VE Day Recollections – Ken Bridger

 10 June 2020 |

I can remember with clarity VE Day 1945.  The day before I had visited my grandmother who was living in a residential home called Thornhill House where she was looked after by a very lovely lady, a member of the staff.  The lady asked me if I would like to visit London with her and her husband to join thousands of people celebrating VE Day.  I jumped at the invitation, and so next day the three of us set off by train to London and joined the vast crowds gathered at Victoria, on to Buckingham Palace .  We joined in the singing of well-known war songs waiting for the King and Queen to appear on the Palace balcony, later joined by the Prime Minister, Winston Churchill.  Having spent hours singing and cheering we made our way to Victoria station to have a cup of tea and sandwich, having not eaten since breakfast, in the early hours of next morning.

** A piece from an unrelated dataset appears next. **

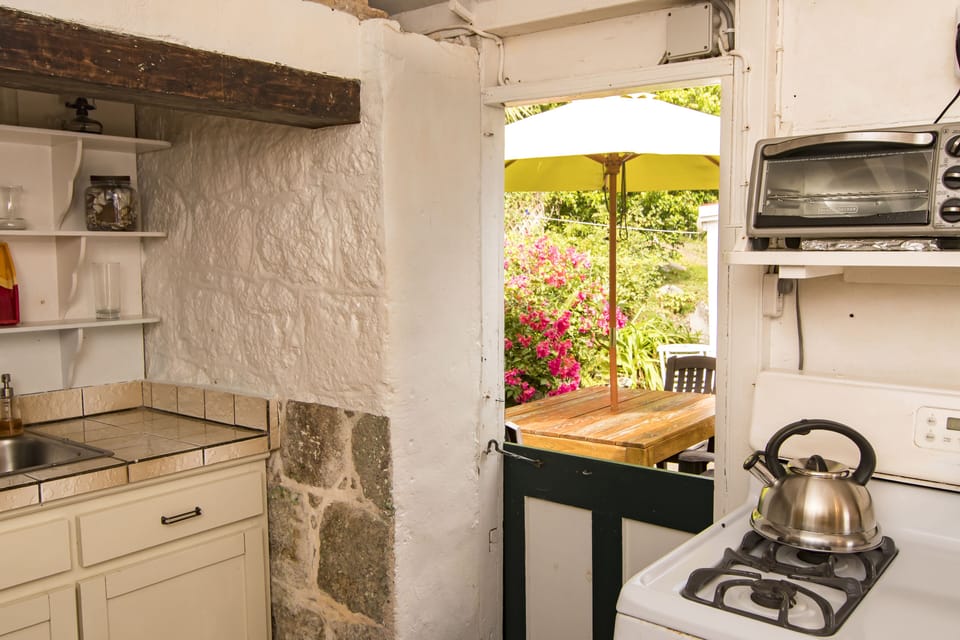 Kitchen Dutch door to the rear patio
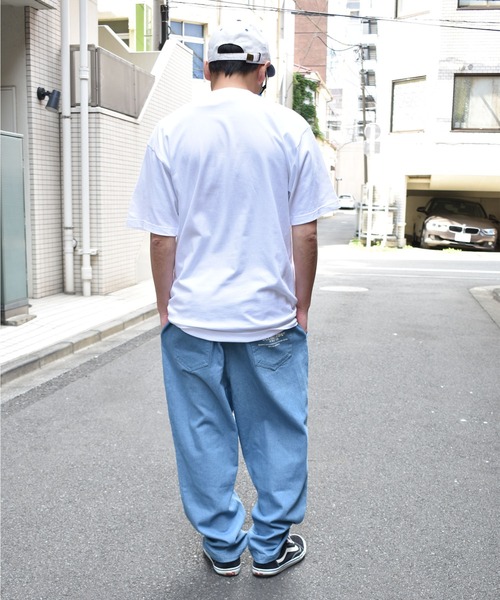 DOUBLE STEAL(ダブルスティール)の「REPLICAstyle LOGO 半袖Tシャツ(Tシャツ/カットソー・メンズ・ホワイト/ブラック/イエロー/ダークブルー・MEDIUM/LARGE/X-LARGE/XX-LARGE)」の8枚目の写真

For all my life since, I can recall so many sad events we all endured during the six years, our home in Beckenham shattered by a bomb which destroyed a house opposite killing the occupants.  We stayed with friends for nearly six months sleeping in an air raid shelter by night and by day time clearing our home of debris with workmen installing new windows and doors, repairing the roof and being without items of furniture damaged by shrapnel.  I remember having news in 1941 that two cousins aged 21 had on a mission to Germany been shot down, one died in Poland from injuries and one whose body was never found.  My grandmother returning from a weekday church service to find 80 years of age her home with the whole street demolished by a bomb, and lastly ending up with men, women and children in a large shelter every night when the doodle bugs first appeared.